Au total, l'article occupe les pages 165 à 179 du livre. Ce n'est qu'à la page 173, donc après neuf pages de ces développements savants, que l'auteur révèle tout à trac que «malheureusement, l'Abri du Chasseur n'existe pas».
Je me frotte les yeux et découvre que Whitney davis lance alors des justifications acrobatiques occupant les trois pages et demies de la fin du chapitre, pour tenter de présenter sa démarche comme relevant d'une «expérience de pensée»!

Je dois avouer que j'ai eu beaucoup de mal à terminer cette lecture.

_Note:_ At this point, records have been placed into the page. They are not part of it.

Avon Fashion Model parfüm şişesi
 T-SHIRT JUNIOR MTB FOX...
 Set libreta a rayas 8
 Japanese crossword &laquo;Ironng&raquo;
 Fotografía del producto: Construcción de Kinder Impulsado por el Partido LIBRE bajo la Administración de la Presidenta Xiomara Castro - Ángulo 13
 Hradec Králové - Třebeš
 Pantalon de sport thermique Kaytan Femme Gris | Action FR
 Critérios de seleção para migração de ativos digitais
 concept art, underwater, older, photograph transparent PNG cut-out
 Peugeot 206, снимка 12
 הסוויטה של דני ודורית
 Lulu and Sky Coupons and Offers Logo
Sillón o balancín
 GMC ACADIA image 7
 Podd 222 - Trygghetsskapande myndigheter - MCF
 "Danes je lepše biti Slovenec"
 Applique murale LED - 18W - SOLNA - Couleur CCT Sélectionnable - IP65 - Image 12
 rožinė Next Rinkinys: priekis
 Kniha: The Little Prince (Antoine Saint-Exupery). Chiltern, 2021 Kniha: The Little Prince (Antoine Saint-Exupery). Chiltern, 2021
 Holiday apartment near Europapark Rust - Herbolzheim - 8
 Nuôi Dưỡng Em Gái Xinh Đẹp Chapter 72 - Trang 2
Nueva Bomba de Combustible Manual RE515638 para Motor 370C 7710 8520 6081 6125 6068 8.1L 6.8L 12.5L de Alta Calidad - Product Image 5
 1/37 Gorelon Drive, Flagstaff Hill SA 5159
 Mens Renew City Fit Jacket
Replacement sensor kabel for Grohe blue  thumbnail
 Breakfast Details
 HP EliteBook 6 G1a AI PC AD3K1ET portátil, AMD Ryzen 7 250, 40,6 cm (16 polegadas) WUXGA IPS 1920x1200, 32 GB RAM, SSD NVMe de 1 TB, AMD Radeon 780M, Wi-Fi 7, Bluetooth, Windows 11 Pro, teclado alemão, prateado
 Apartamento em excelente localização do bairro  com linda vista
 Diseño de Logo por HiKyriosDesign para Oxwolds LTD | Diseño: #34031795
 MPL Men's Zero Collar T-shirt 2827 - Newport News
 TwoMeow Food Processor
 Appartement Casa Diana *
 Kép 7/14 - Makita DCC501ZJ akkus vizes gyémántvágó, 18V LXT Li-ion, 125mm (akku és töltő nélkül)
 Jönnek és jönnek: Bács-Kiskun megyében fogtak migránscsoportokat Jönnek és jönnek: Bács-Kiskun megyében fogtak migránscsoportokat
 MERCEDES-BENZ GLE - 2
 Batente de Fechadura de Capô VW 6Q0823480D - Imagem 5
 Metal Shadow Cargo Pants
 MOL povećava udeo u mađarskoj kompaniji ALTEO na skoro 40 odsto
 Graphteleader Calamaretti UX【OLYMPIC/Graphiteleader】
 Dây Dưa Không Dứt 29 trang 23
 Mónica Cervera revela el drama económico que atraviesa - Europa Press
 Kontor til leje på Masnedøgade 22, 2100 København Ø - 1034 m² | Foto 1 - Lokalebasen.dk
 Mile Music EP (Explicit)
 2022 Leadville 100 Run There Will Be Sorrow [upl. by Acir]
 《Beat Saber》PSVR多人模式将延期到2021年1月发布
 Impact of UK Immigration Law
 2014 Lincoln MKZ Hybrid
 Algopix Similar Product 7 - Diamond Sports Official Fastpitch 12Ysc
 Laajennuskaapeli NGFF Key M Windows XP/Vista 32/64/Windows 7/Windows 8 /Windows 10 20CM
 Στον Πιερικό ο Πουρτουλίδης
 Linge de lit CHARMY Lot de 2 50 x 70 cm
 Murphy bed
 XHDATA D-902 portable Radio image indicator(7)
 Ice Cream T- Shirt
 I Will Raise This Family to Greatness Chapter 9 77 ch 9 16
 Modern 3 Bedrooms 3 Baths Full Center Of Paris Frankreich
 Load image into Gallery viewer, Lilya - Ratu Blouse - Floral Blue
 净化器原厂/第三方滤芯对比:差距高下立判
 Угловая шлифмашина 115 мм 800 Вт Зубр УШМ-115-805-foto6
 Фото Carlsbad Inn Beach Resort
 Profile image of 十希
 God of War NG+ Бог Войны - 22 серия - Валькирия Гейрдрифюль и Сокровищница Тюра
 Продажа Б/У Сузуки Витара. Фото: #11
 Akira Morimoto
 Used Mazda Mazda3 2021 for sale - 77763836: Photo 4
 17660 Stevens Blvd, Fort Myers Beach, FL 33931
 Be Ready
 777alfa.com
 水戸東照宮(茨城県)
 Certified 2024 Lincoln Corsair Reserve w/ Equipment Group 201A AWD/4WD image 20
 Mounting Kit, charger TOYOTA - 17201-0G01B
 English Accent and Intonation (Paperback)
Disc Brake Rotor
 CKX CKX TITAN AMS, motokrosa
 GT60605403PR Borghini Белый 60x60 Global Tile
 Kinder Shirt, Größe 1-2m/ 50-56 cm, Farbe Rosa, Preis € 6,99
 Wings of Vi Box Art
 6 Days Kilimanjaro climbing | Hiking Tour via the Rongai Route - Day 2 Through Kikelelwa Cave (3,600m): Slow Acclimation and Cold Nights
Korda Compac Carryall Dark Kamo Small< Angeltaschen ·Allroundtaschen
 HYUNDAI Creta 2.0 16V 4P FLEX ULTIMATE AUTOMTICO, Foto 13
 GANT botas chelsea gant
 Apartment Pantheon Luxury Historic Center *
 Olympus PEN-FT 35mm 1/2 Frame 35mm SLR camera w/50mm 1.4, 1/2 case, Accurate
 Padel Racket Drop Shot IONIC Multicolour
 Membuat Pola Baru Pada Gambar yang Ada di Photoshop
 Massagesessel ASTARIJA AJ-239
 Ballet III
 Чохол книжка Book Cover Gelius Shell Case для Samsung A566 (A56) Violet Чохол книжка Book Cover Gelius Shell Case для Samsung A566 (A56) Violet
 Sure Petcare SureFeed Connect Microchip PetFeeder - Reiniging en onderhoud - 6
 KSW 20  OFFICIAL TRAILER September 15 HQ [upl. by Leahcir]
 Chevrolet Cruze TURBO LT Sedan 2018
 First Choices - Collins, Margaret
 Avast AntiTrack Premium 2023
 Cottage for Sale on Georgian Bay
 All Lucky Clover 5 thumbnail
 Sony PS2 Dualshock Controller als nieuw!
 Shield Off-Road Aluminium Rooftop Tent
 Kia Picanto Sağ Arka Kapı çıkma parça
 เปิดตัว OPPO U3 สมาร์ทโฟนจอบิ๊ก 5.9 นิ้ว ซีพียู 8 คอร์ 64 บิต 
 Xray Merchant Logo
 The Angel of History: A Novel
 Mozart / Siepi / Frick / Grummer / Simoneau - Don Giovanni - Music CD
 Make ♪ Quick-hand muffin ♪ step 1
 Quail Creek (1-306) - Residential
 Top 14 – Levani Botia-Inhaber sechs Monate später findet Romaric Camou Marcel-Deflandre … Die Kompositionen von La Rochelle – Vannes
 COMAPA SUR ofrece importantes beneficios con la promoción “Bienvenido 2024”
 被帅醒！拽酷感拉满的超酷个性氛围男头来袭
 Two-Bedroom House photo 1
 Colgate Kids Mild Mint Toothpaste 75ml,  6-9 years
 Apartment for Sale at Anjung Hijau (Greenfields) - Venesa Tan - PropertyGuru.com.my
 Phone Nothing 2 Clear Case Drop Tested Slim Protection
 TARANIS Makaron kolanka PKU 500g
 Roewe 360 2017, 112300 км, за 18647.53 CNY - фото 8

Mais le plus important, et que je trouve absolument inadmissible, c'est que nulle part dans le titre du chapitre, et nulle part dans le long résumé présenté au début, il n'est question d'une «expérience de pensée.» Titre et résumé insistent au contraire sur l'importance d'une découverte extraordinaire, alors que ce qui nous est présenté ainsi, c'est tout simplement un faux (plutôt maladroit, en plus, mais c'est une autre question).

Je ne comprends pas comment des éditeurs et des experts ont pu laisser passer cela.

Sérieusement, il ne s'est trouvé aucune petite voix pour dire que c'était une très mauvaise idée?

Springer, Oscar Moro Abadía, Margaret W. Conkey, Josephine McDonald et Whitney Davis s'honoreraient en modifiant le titre et le résumé de ce chapitre pour prévenir le public qu'il n'y est aucunement question d'une quelconque découverte, mais qu'il s'agit simplement d'exposer une «expérience de pensée».